Please repeat the data exactly. Any picture in it stays out.

DATA BLOCK:
↓↓↓

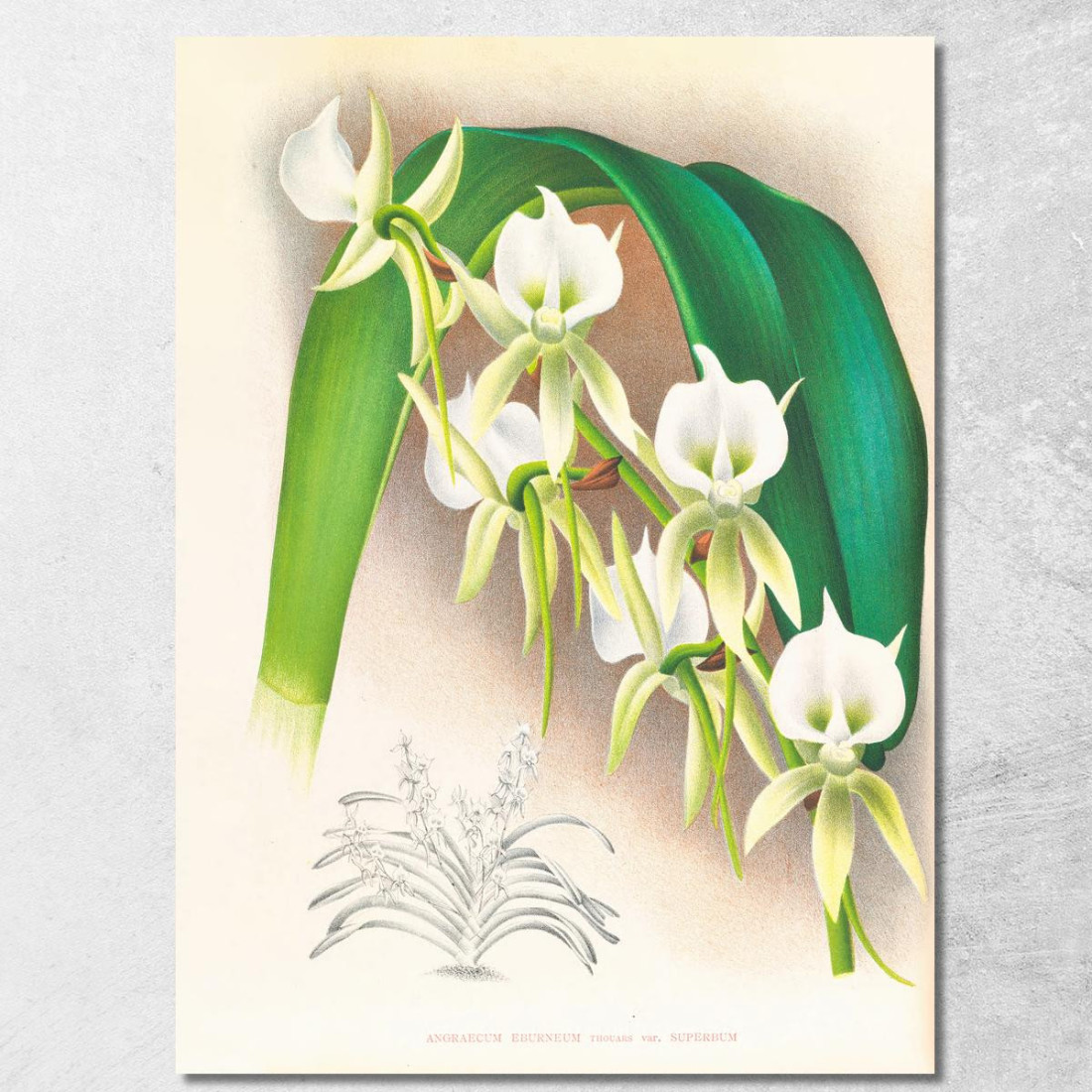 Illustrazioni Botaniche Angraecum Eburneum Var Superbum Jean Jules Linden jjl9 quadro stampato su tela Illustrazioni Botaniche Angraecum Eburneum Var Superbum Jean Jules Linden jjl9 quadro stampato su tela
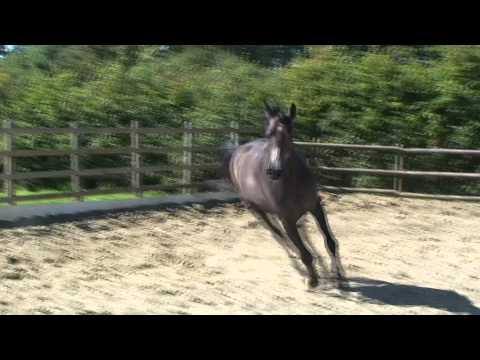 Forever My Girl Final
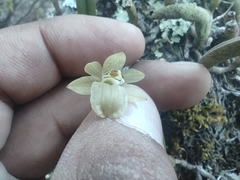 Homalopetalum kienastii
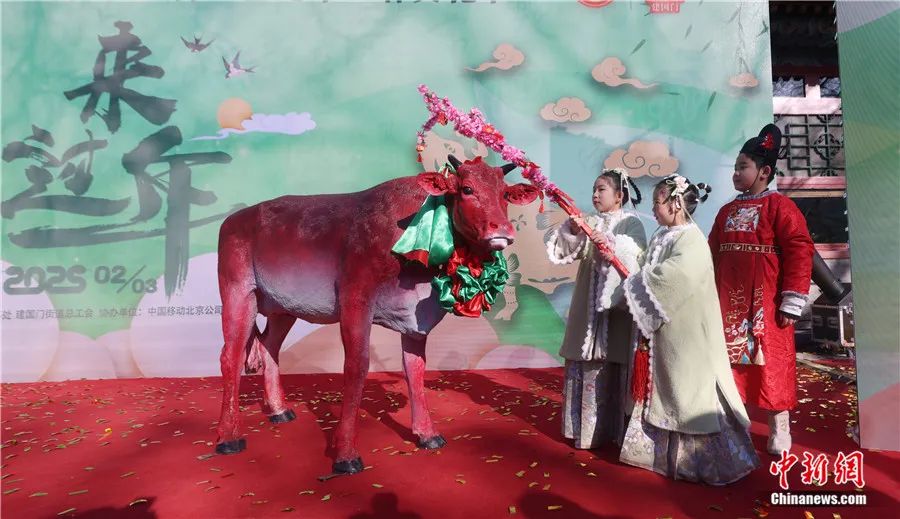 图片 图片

↑↑↑

EXERCISE RESPONSE:
 Illustrazioni Botaniche Angraecum Eburneum Var Superbum Jean Jules Linden jjl9 quadro stampato su tela Illustrazioni Botaniche Angraecum Eburneum Var Superbum Jean Jules Linden jjl9 quadro stampato su tela
 Forever My Girl Final
 Homalopetalum kienastii
 图片 图片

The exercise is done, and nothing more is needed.